### Problem to solve
Below is a listing to copy exactly; no image goes into the copy.

### Data extract
■ ■ ■ ■ ■ ■ ■
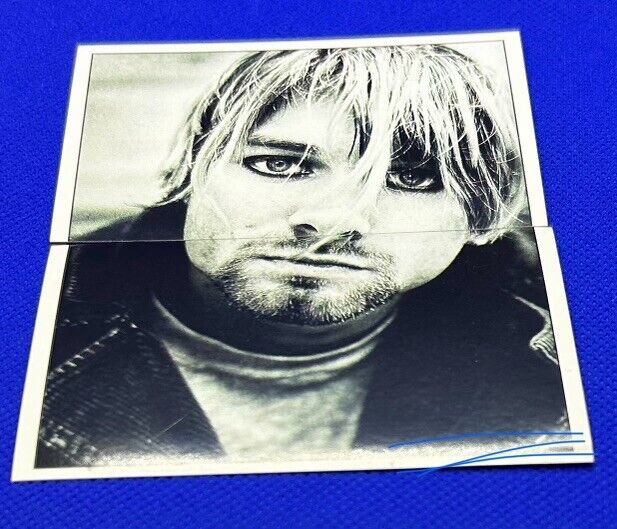 1995 Panini Smash Hits Album Stickers #95 & #96 Kurt Cobain Nirvana Set 🔥🌟🎸
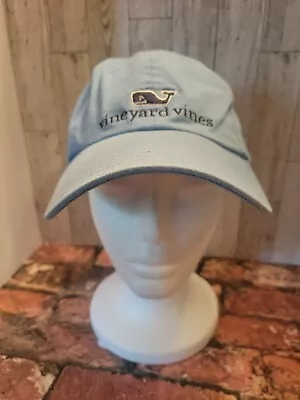 Vineyard Vines Baseball Hat Blue Adjustable Back Cap/ Hat Blue Whale Logo • $9.99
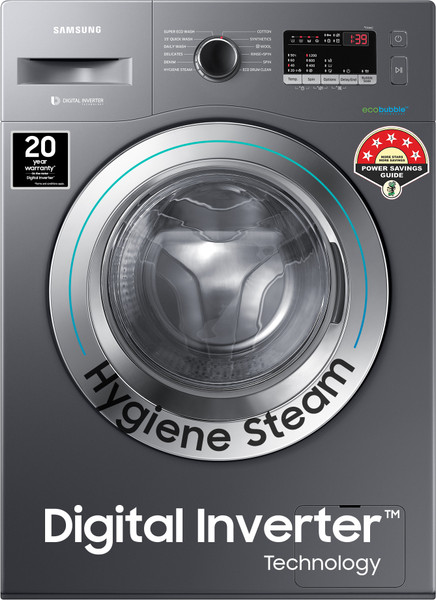 Samsung 6.5 kg with Steam Fully Automatic Front Load Washing Machine with In-built Heater Grey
■ ■ ■ ■ ■ ■ ■
### Task solution
 1995 Panini Smash Hits Album Stickers #95 & #96 Kurt Cobain Nirvana Set 🔥🌟🎸
 Vineyard Vines Baseball Hat Blue Adjustable Back Cap/ Hat Blue Whale Logo • $9.99
 Samsung 6.5 kg with Steam Fully Automatic Front Load Washing Machine with In-built Heater Grey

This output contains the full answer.